Qualcuno magari se lo ricorda, Braibanti. Un uomo di cultura, commediografo, mirmecologo, per alcuni un filosofo, accusato di aver “corrotto”, abusato psicologicamente di un suo studente ventitreenne. Si arriva in tribunale, la passione viene spenta con l’elettroshock, al banco degli imputati c’è la libertà, la stessa che veniva attaccata in La tenerezza. C’era sempre Germano, che in una scena fortissima assaliva un venditore ambulante.

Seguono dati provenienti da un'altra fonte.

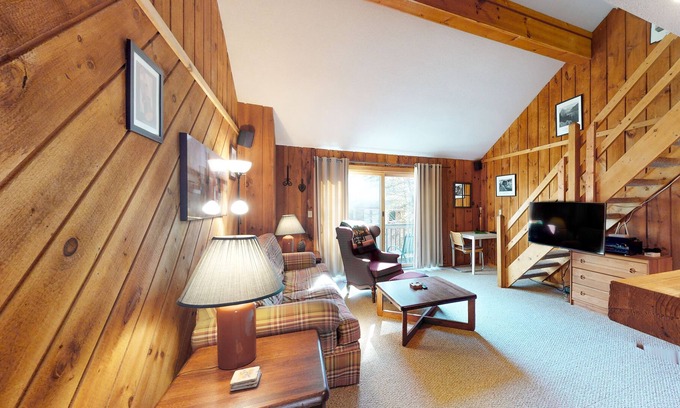 West Dover House | Warm & woodsy retreat with a fireplace, washer/dryer, heated pool & fitness room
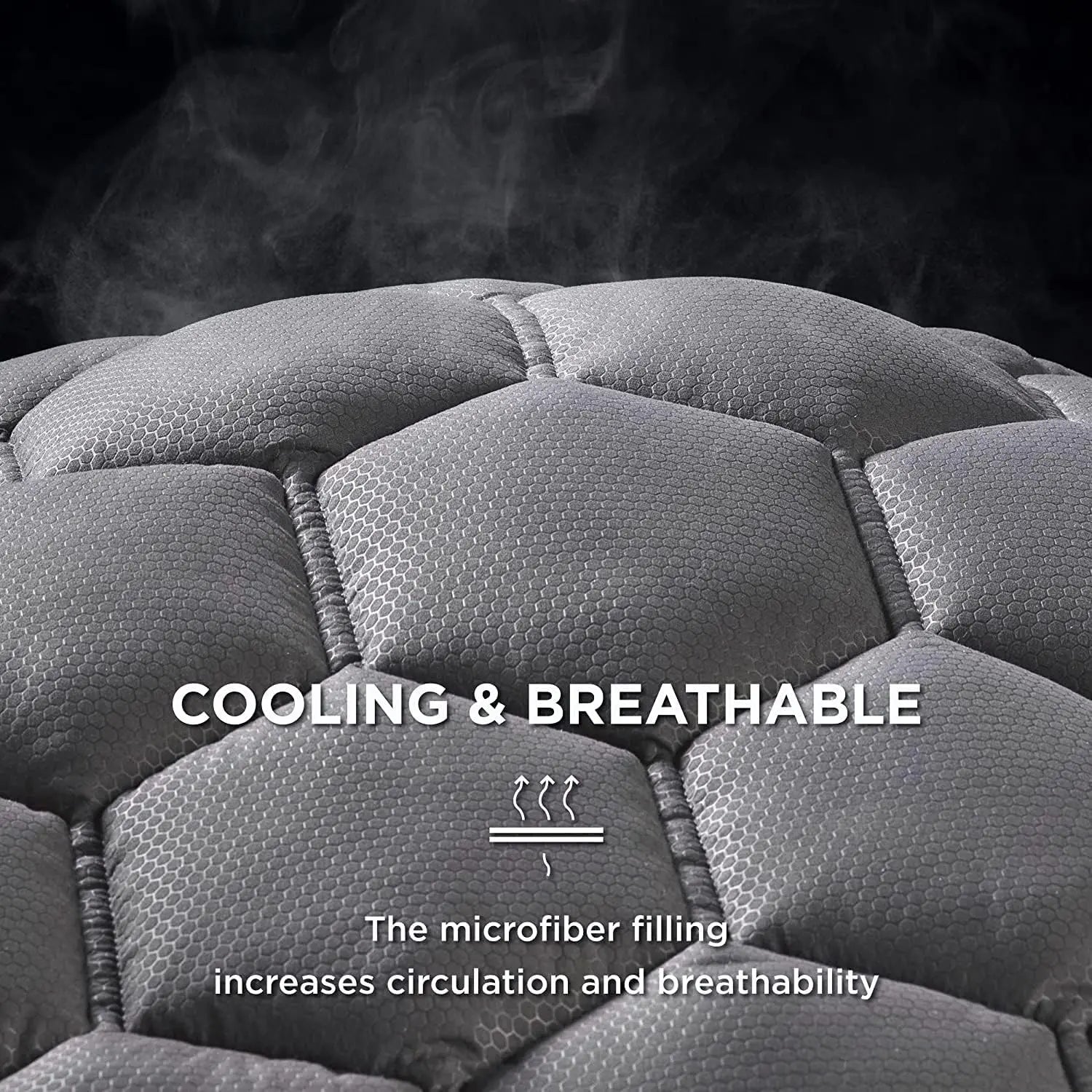 【Deals for You Days】Bedsure Mattress Pad - Quilted Fitted Mattress Topper Protector with 8-21 Inches Deep Pocket, Noiseless Breathable Bed Cover Padded, Machine Washable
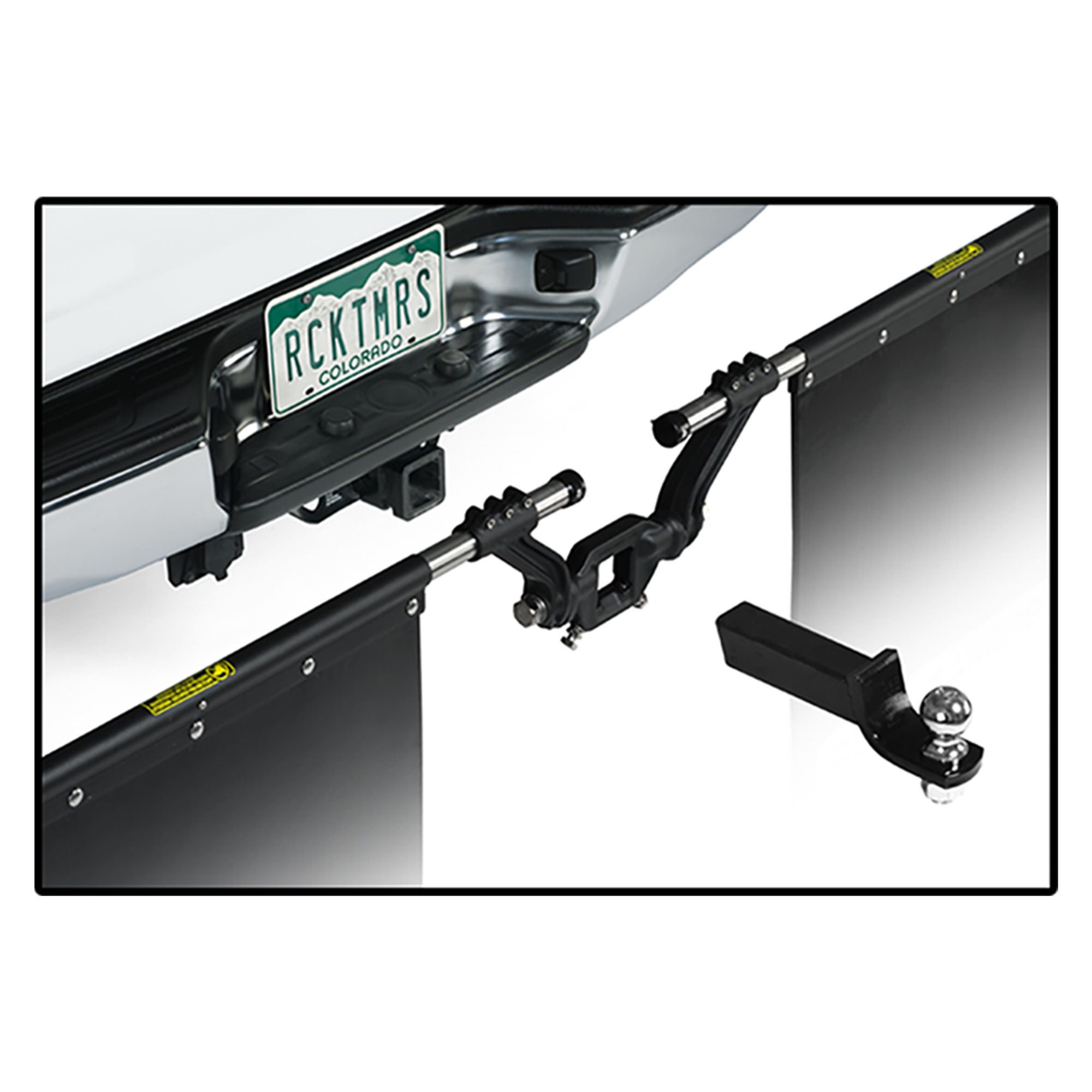 Rock Tamers Mudflap System with Rock Damage Protection for 2 Inch Ball Mounts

Alla violenza seguiva il pentimento, uno sguardo fisso, senza parole, che come scriveva Penna: “cose nuove dètta”. E allora anche un genitore poteva riemergere dal fango dei suoi anni, per diventare più forte dei suoi difetti e ricominciare a sentirsi libero, libero di essere sé stesso, imperfetto e ancora una volta umano. Proprio come Braibanti, come il giovane Ettore, come un’Italia che deve riappacificarsi con chi la abita.
“Le proteste si fanno per il Vietnam, non per un invertito”, urla un giovane avvocato calabrese, un futuro principe del foro. Ed è proprio sul futuro che ci fa riflettere Amelio. Ci racconta del passato, lo porta nel presente, ma la spinta è verso il domani.
Un cinema classico, potente, e allo stesso tempo modernissimo. Un film che parte da Quando volano le cicogne di Kalatozov e si chiude un’aria dell’Aida, un film che affronta più linguaggi, che unisce la macchina da presa al palcoscenico. E che trionfa nel suo intimismo, nei sentimenti trattenuti, nella tragedia dell’intolleranza, nel dolore di due madri dilaniate che non possono guardarsi negli occhi.